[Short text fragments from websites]
__________________________________________________
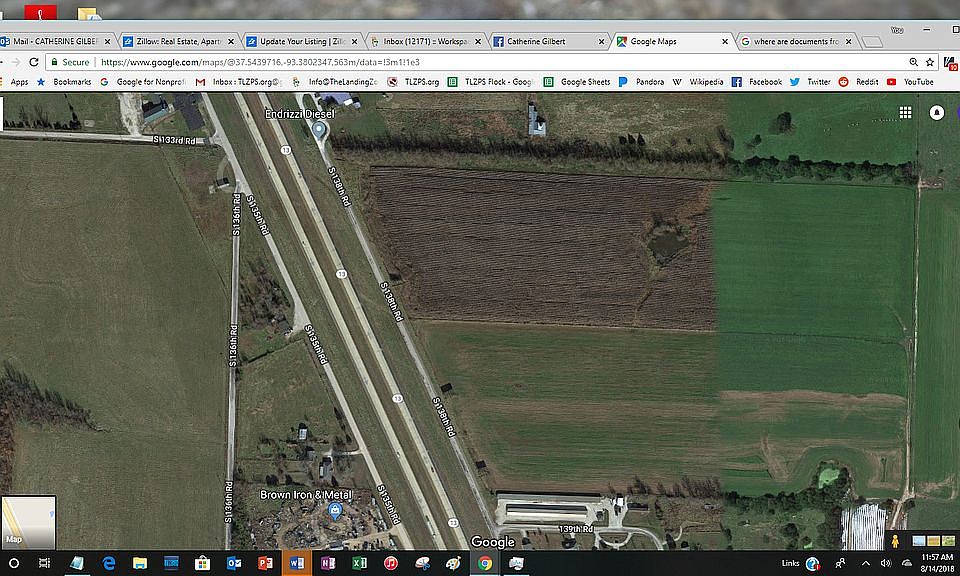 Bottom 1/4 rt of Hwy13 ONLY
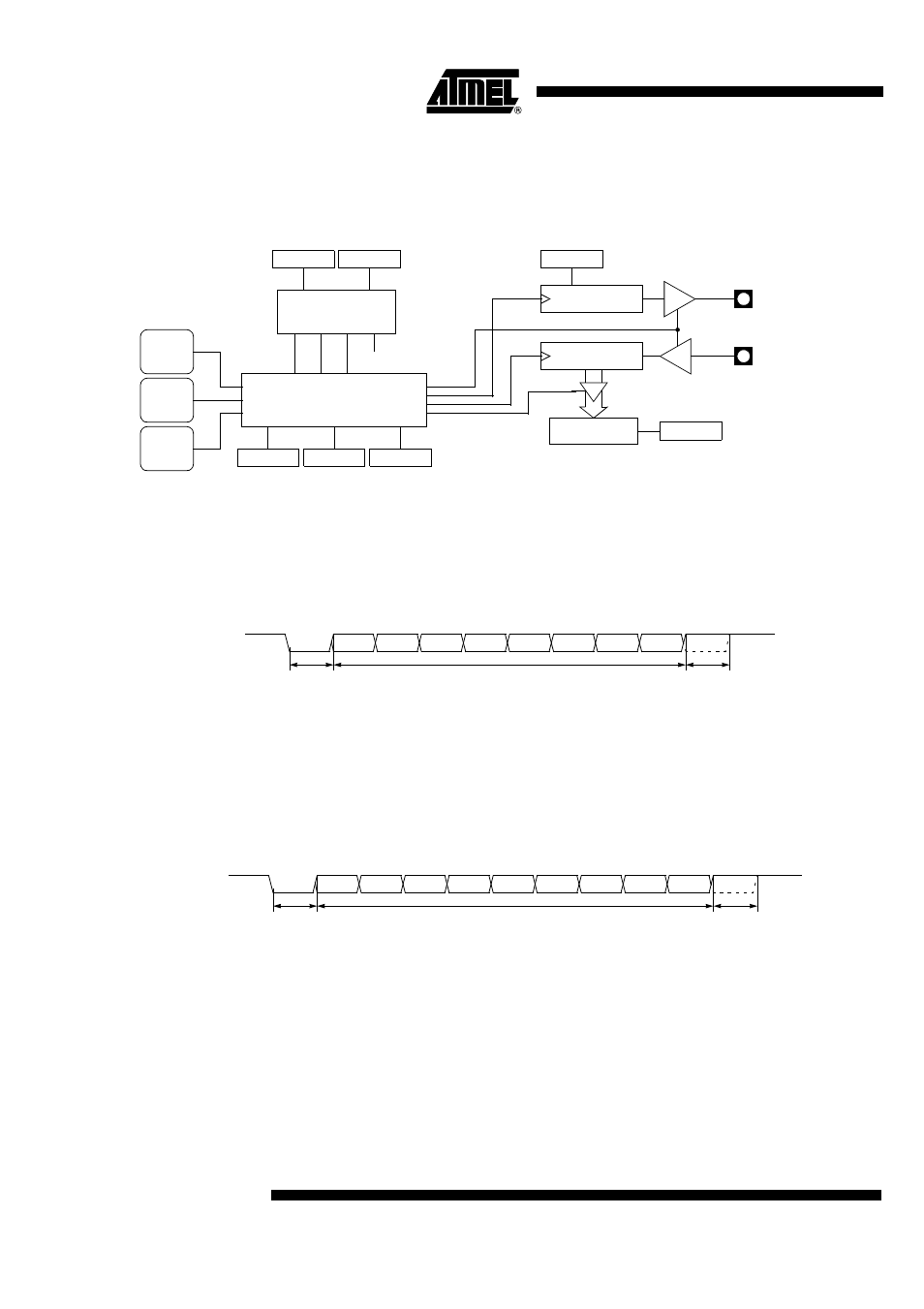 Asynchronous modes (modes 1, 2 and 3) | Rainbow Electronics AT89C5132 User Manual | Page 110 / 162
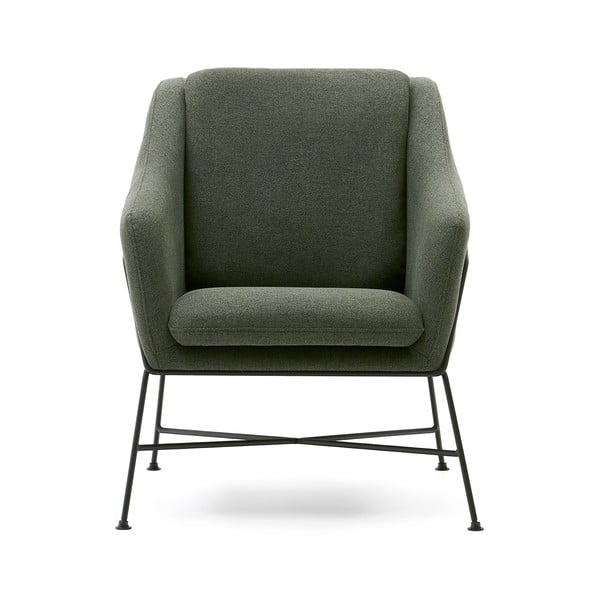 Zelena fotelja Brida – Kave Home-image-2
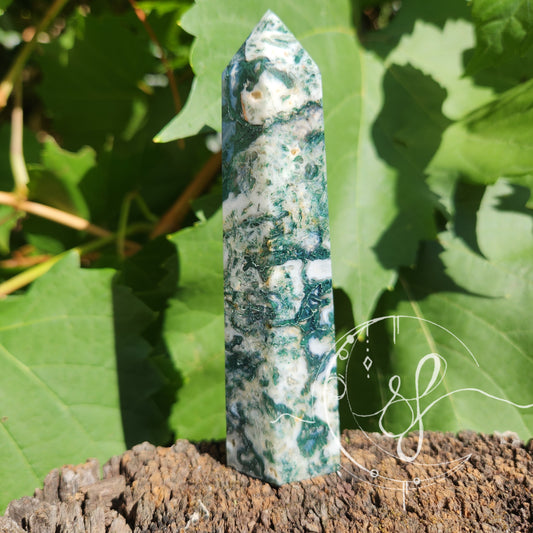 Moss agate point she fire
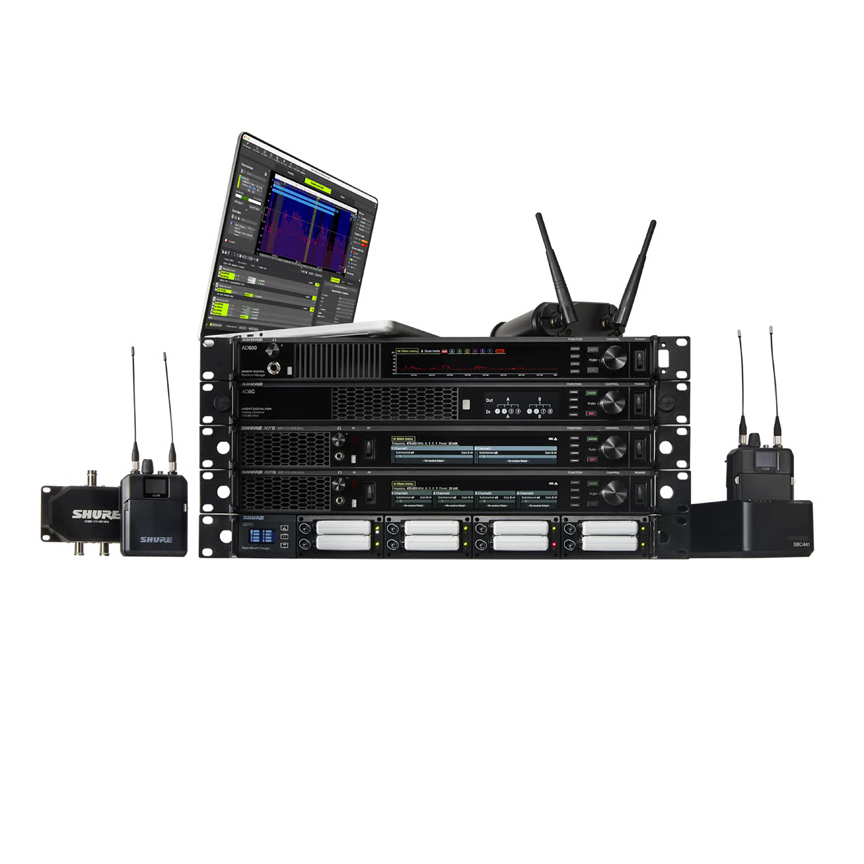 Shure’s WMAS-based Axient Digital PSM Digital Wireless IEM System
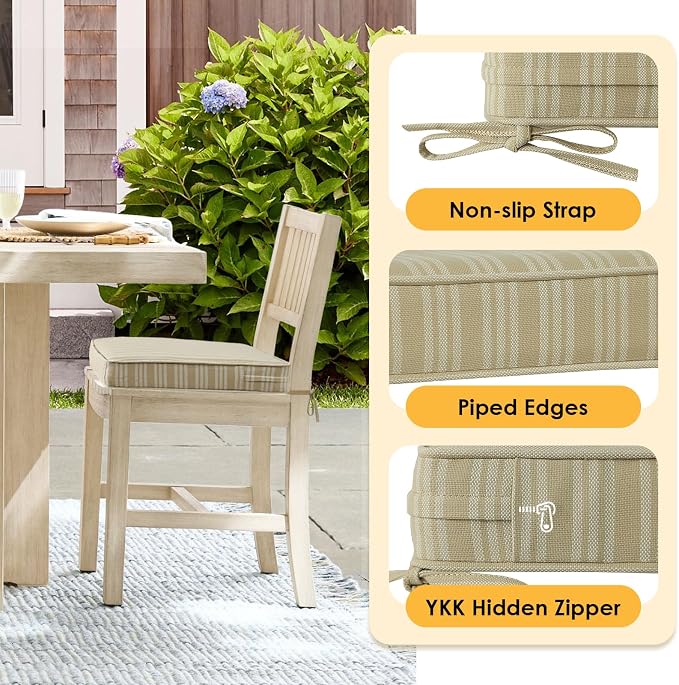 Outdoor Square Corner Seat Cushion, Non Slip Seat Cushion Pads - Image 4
__________________________________________________
Exercise aim:
Your task is to retype the records above in full and exactly, omitting the pictures.

Expected answer:
 Bottom 1/4 rt of Hwy13 ONLY
 Asynchronous modes (modes 1, 2 and 3) | Rainbow Electronics AT89C5132 User Manual | Page 110 / 162
 Zelena fotelja Brida – Kave Home-image-2
 Moss agate point she fire
 Shure’s WMAS-based Axient Digital PSM Digital Wireless IEM System
 Outdoor Square Corner Seat Cushion, Non Slip Seat Cushion Pads - Image 4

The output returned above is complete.